[The problem]
I'd like the full listing transcribed exactly, with no images included.

[Information provided]
----------------------------------------

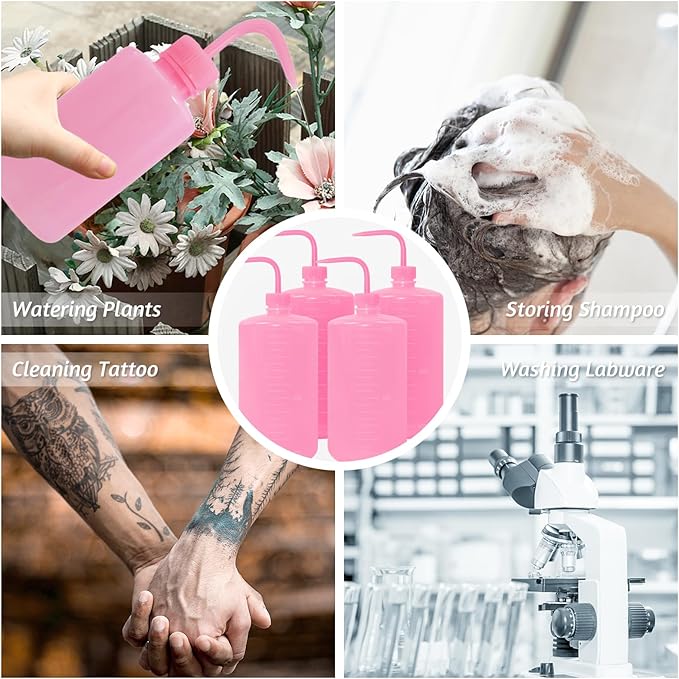 4 Packs Tattoo Wash Bottle Water Squirt Squeeze Diffuser Bottles (Pink, 1000ml)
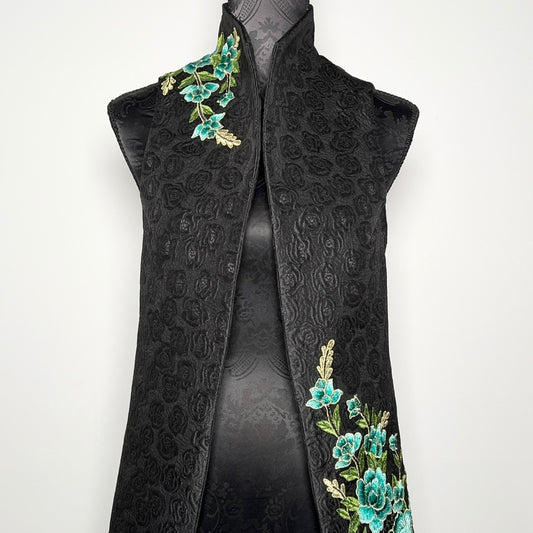 blue floral embroidered vest black jacquard brocade vest ladies apparel stylish clothing handmade in melbourne classy elegant clothing timeless pieces timeless clothing classic style unique clothing unique style ageless style luxe fabrics statement clothing statement style evening style bold clothing floral vest stand up collar womens clothing made in australia eloise the label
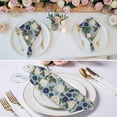 thumbnail image 3 of Navy Blue White Floral Cloth Napkins, Vintage Blue Leaves Botanical Washable and Reusable Dinner Napkins Set of 2, Table Napkin for Kitchen Party Birthday Wedding Hotel Housewarming 20"x20", 3 of 9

----------------------------------------

[Answer section]
 4 Packs Tattoo Wash Bottle Water Squirt Squeeze Diffuser Bottles (Pink, 1000ml)
 blue floral embroidered vest black jacquard brocade vest ladies apparel stylish clothing handmade in melbourne classy elegant clothing timeless pieces timeless clothing classic style unique clothing unique style ageless style luxe fabrics statement clothing statement style evening style bold clothing floral vest stand up collar womens clothing made in australia eloise the label
 thumbnail image 3 of Navy Blue White Floral Cloth Napkins, Vintage Blue Leaves Botanical Washable and Reusable Dinner Napkins Set of 2, Table Napkin for Kitchen Party Birthday Wedding Hotel Housewarming 20"x20", 3 of 9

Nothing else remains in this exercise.